Worldwide spending on IoT is forecast to reach $1.2 trillion in 2020. To put that into context, spending on IoT will be more than double the spend on digital advertising ($500 billion) and more than half the total spend on defence ($2 trillion). Utilities rank fourth among the industries forecast to spend the most and the demand shows no sign of slowing down as smart grid benefits become hard to ignore.
To help companies plan for and prevent these risks, the Smart Grid Risk Snapshot outlines the top three ways businesses can mitigate risk.
Balance priorities. Priorities need to balance innovation, adaptability, agility and efficiency with safety, investment, resiliency and security. A lopsided approach will result in increased risk. These eight priorities have been highlighted by industry experts who contributed to the research.
Implement proactive safeguards and internal risk management: Proactive safeguards and internal risk management for IoT technology, including top-level accountability and information sharing, is necessary as companies develop increasing dependences on data-driven automated systems.
Create an organizational culture of awareness. Insurance data shows two-thirds of cyber insurance claim incidents are the direct result of employee behaviour, for example, negligence leading to lost devices. Talent shortages, skill deficits and employee engagement also contribute to the bulk of financial losses so far from cybercrime. All-level employee education of cyber risk, not just building firewalls, will prevent most of the strain currently on the industry, according to the report.
With approximately one-third of all energy consumption growth by 2040 coming from buildings, the bulk of this energy consumption will come specifically from electricity. The Smart Grid Risk Snapshot spotlights how IoT deployment in the electricity sector can reduce emissions. In Australia, a full smart tech implementation could reduce emissions by 25%. The Edge building in Amsterdam, for example, uses smart grid technology to create adaptable and intelligent work spaces. Over a period of 10 years, the building will save 42 million kg of CO2, the equivalent of taking approximately 8,200 cars off the road for one year.
“A massive adoption of internet enabled devices is an inevitable change to our society and is key to the digitalized, green energy transition,” said Thomas Egebo, President & CEO of Energinet. “The reality of smart grids is that we are adopting a systems approach based on the many as opposed to a few. For example, many distributed assets versus a few powerplants, many micro transactions versus a few aggregated transactions. Digital authentication and access delegation must be adapted to this new reality. The cyber security threat is very real.

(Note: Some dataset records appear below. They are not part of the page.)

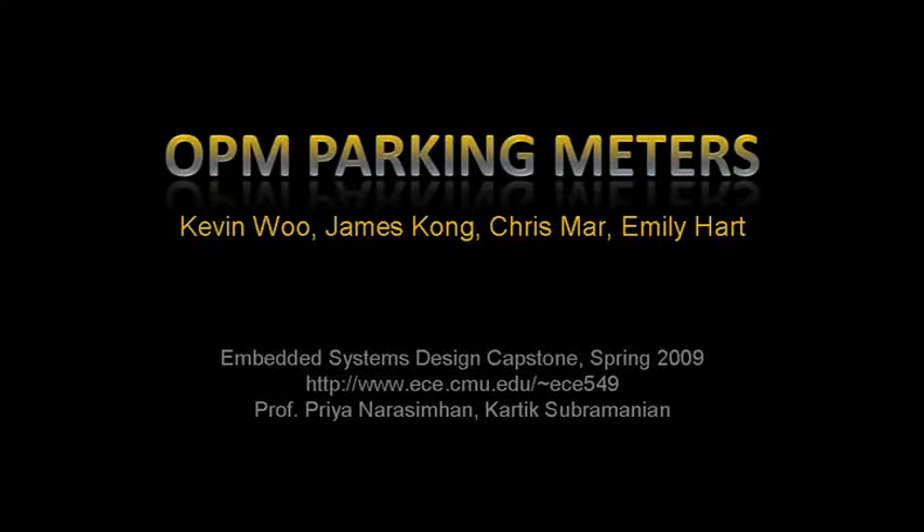OPM is a next-generation wireless parking meter system. In this video, we'll see how OPM would work if it was deployed here in Pittsburgh.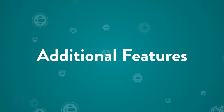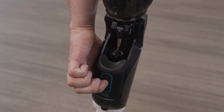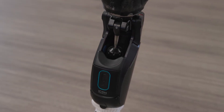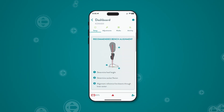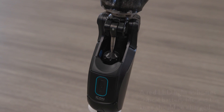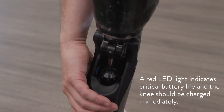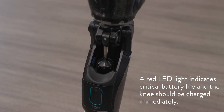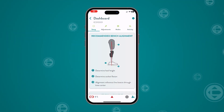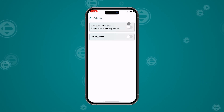These additional features are accessible to both prosthetists and end users. Press and hold the power button for three seconds to turn the knee on or off. The battery status of the knee is displayed in the lower left corner of the app. You can also check the battery status by pressing the power button for one second — the LED will flash green to indicate the charge level. You can turn off non-critical alert sounds or activate training mode by tapping the alerts icon in the lower right corner.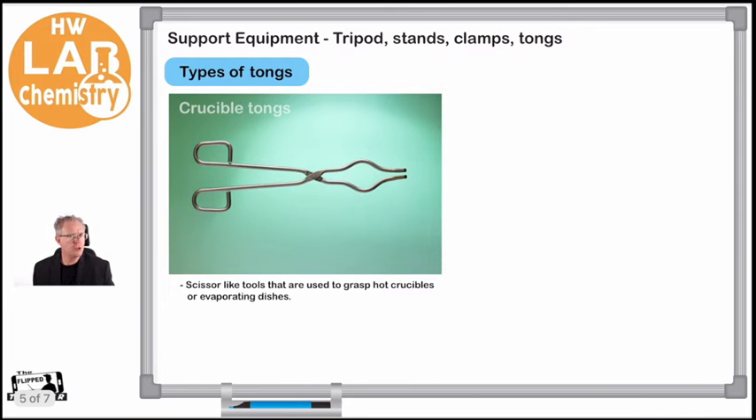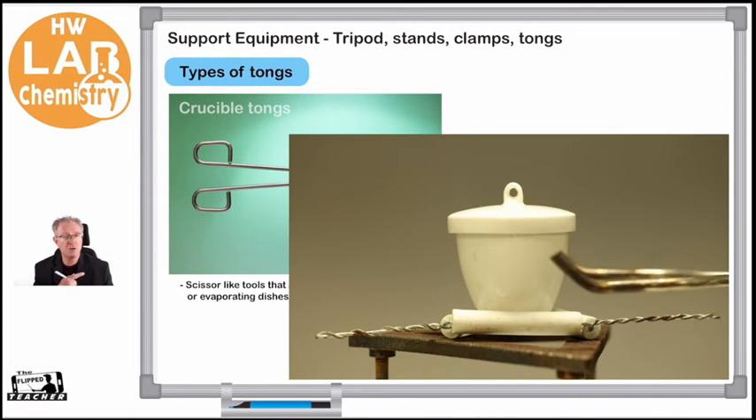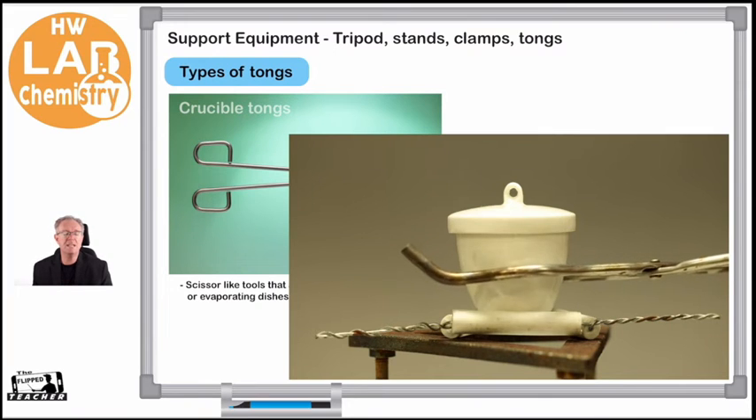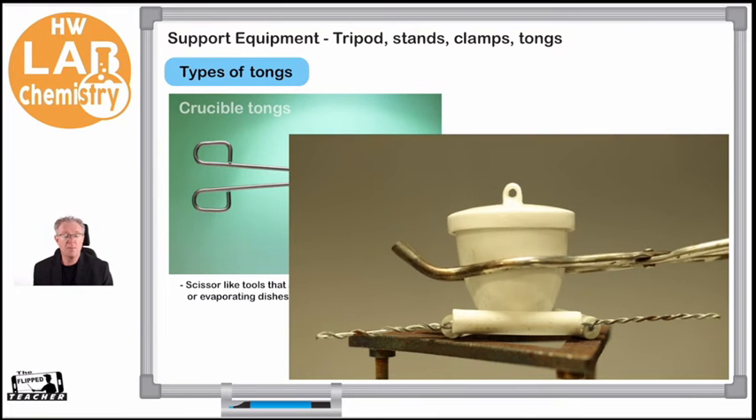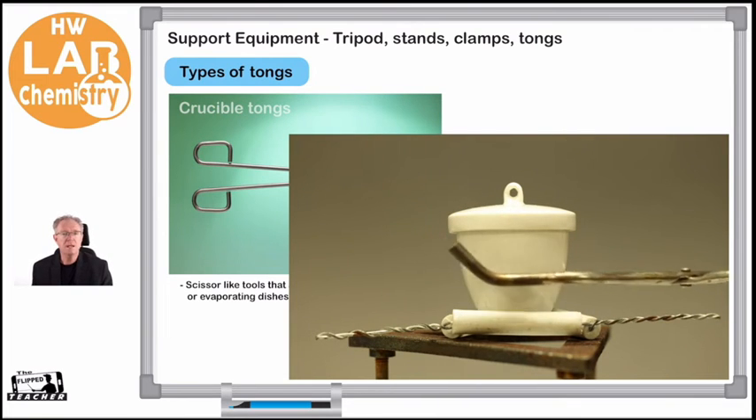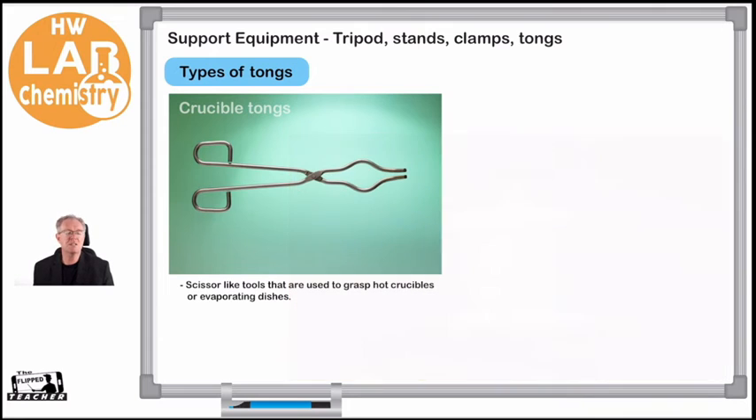Then we have crucible tongs, sometimes called just metal tongs. Crucible tongs are specifically designed to hold a crucible. A crucible is a ceramic device that we use to heat solids. To pick a crucible up and place it on the tripod with a pipe clay triangle, and to move it around, we need a specific shape to our metal tong. You can see that the metal tongs are shaped so they can move around the crucible and pick it up and put it down.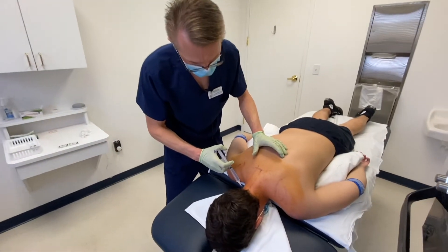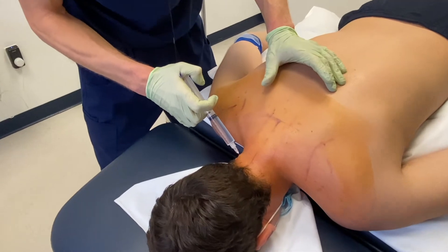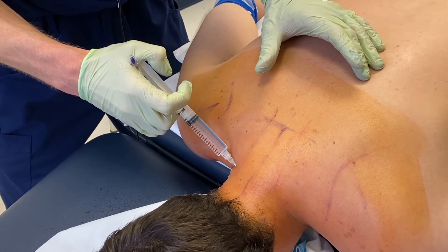What I'm going to do next is anesthetize the area — just a little poke right here. This is a little bit of lidocaine and ropivacaine, and this will help the procedure be less uncomfortable.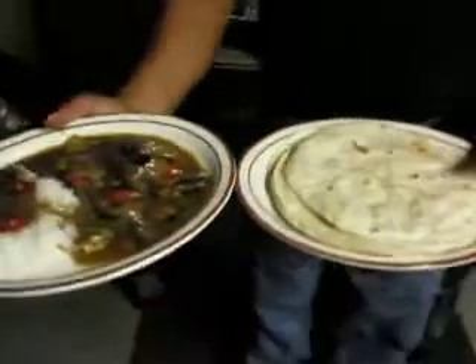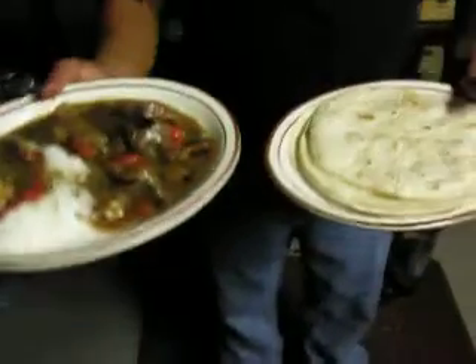And now you get yourself a couple of tortillas. Get yourself a couple of tortillas because you've got to have tortillas to dip with. Oh my God, that looks beyond.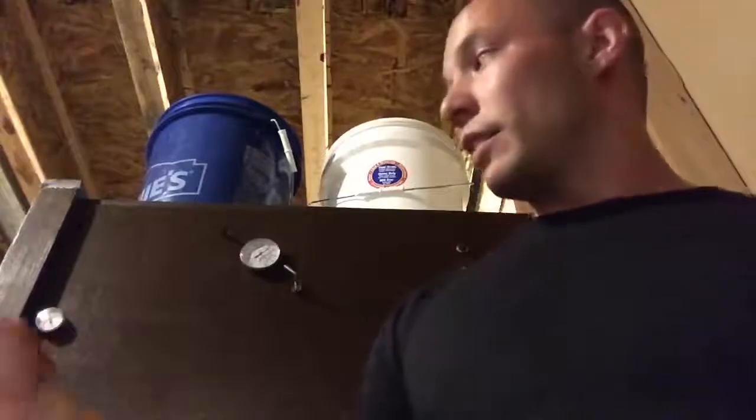Behind me I have a GQF cabinet style incubator. It has two different thermometers on the outside. This one right here is our dry bulb — that tells us our temperature. This one right here is the wet bulb and tells us our humidity.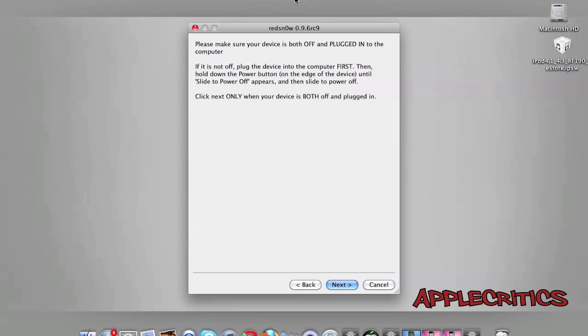Proceed to the next step. It will say: please make sure your device is both off and plugged in to the computer. If it is not off, plug the device into the computer first, then hold down the power button until you see 'Slide to Power Off.' Once your device is both off and plugged in, go to the next step.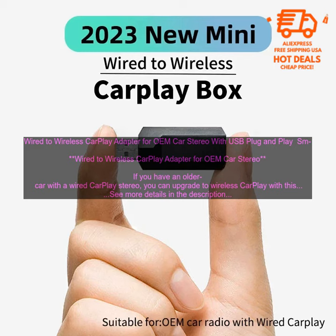Here are some of the benefits of using a wired to Wireless CarPlay adapter. Convenience: You can use your phone's touchscreen to control CarPlay, just like you would in a newer car with a built-in Wireless CarPlay system.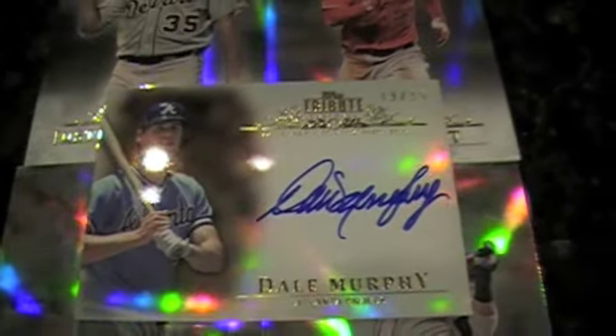Not too bad — it's an upgrade over Billy Butler. Maybe not value-wise, probably similar. Dale Murphy's got a lot of collectors, he sells pretty well. Everybody loves him.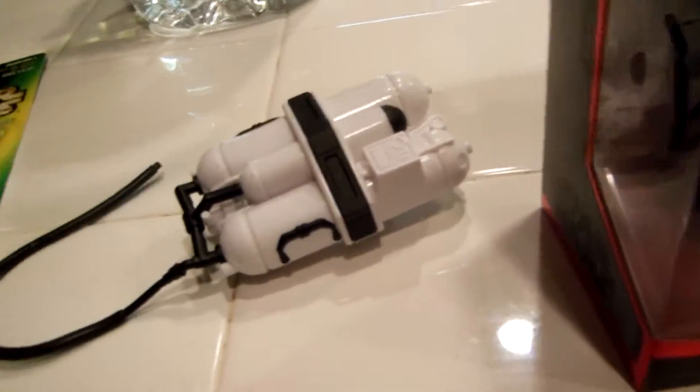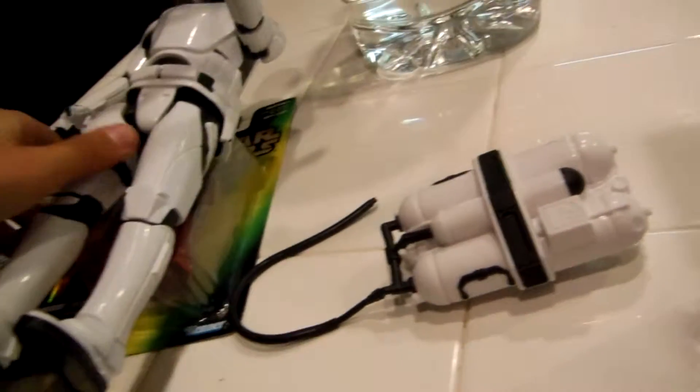He has a jet pack right there — you can just place it on his back. I'm just making a short little video. I'll show you guys my Star Wars collection.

The good news is that the technology already exists, all we have to do is implement it at scale”
“Safe and responsible IoT deployment across the electricity grid can lead to a reduction in greenhouse gases, efficient resource management and consumer cost savings,” Kuri said. “But, the industry needs to collectively address the risks to ensure that innovation can scale and accelerate the benefits for all of society.”
Market forces could play a critical role in helping establish and catalyse new norms and best practices for the security of industrial IoT devices and systems. Lower insurance premiums prompted millions of business and consumers to install fire and security systems. Through this project, financial incentive structures–tying minimum security standards and practices to the sale and pricing of cyber insurance policies or to capital investment decision-making – will be applied to industrial IoT deployments across industries.
During the past year, more than 24 companies, governments, organizations and universities have collaborated with the Centre for the Fourth Industrial Revolution to co-design the Industrial IoT Safety and Security Protocol. This first-of-its-kind policy framework generates an understanding of how insurance can facilitate the improvement of industrial IoT security design, implementation and maintenance practices. It also sets forth a universal set of security best practices that should be incorporated in all industrial IoT deployments. The Protocol is now being implemented and tested across industries, starting with the aviation and electricity sectors.